Henson shifts his weight. “Does he always interview like this? It seems kinda random to me.”
“It’s what makes him one of our best, Agent,” Cullen answers.
“He’s very intuitive,” Temperance says. “He reads people very well. Her use of the word ‘tracking’ indicates she has some experience not common to the average twenty-six year old American female. Since she comes from a tradition that allows the teaching of hunting skills to both male and female progeny, Agent Booth deduced she may have hunting skills, which may include the use of crossbows, the use of which has recently been employed to stymie the technologically advanced techniques used by the FBI.”
“I know, I was there,” Henson drawls.
“Knives can be made using several different combinations of metal, and Danny Ghilley made knives. The Jeffersonian has been unable to determine the weapons that were used to kill the men found in Kiera Dryden's van nor the two men and the woman buried at the Douglas Point cemetery…”
“Are they connected?”
Temperance shrugs. “Their wounds are extremely similar. We’re analyzing the available evidence to uncover any connection to a possible assailant or assailants. All we can say right now is that they were definitely murdered, probably all within a similar time frame.”

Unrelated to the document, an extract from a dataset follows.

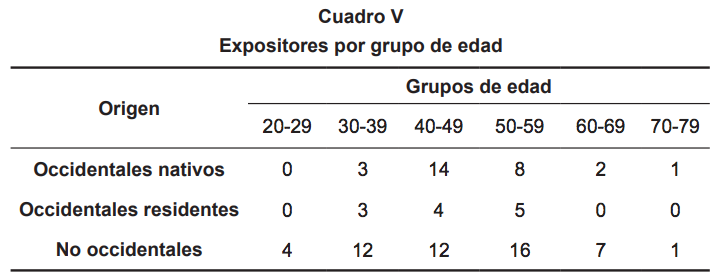 Expositores por grupo de edad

Henson makes a face. “Yeah, yeah. That’s the same thing you told me three days ago.”
“When we know more, I’ll let you know. The point is, the weapons may have been crossbow bolts, but we’ve been unable to match a manufacturer to the bore size that caused the fatal wounds.”

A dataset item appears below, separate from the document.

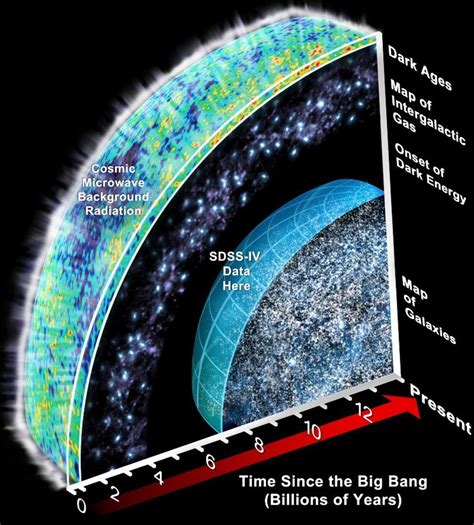 What If Cosmic Inflation Is Wrong?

Henson looks around her to Cullen. Temperance sees that Booth is standing. She shoulders past Cullen and meets Booth in the hallway.
“Did you get that?” he says.
“Yes. She has hunting skills; she may use a crossbow. Ghilley may have made crossbow bolts in addition to knives.”
“Uh, good thought. No, I meant that she can describe the man with Ghilley at the park in Reston, but she doesn’t know his name.”
“Oh. No, we were discussing Henson’s case.”
Booth rolls his eyes. “I want to bring her to the lab, get Angela to work with her. She’s better than the artist we’ve got right now.”
“Okay. What about the crossbow bolts?”
“What about them?”
“We need to find Ghilley’s cabin, see if he made bolts. The puncture wounds we’ve found don’t correspond to standard bolt sizes, but every other marker indicates that’s what caused them.”
From behind her, Cullen says, “We already have field agents trying to locate it, Dr. Brennan. He lived somewhere north of Pembroke in unincorporated Robeson County. We’ve narrowed it down, but he lived below the radar, very simply. There’s nothing in his name. Didn’t even own a car.”
“At least not legally,” Henson mutters.
“Kiera doesn’t know where?” Temperance asks. She must know.
“If she does, she won’t say,” Booth says.
Temperance thinks of the man that could be Booth’s brother, hunched over on the bus stop bench, hands loose. About the scar on his face and the agility of his leap into action, and the blood on his hands. He was proud to be a Lumbee. He had no official connections to the world beyond his military service. “Ghilley didn’t think of himself as an U.S. citizen. The Guard, if it exists, operates outside U.S. law.”
Booth nods. “And there’s enough of them to require organization, training. They’d need privacy.”
As she hears it out loud, the thought becomes clearer and she says with more confidence, “Look for private property, anything larger than say, a thousand acres, within twenty miles of Pembroke.”
Head down, Booth is jingling the change in his pocket as he thinks. “I doubt it’s on any sort of actual road.”
“Why?”
“Because,” he says, looking up at her. “If I were him? I’d be so buried in those woods, you’d need pack animals to get in.”
He hears himself and grins when she does.
Henson says, “Shit. I gotta go make calls,” and goes striding down the hall.
Cullen looks from her to Booth and back again with the slightest of frowns forming a crease between his brows. He nods once and says, “Good work.” He tilts his head toward the interrogation room. “What are we doing with Ms. Dryden?”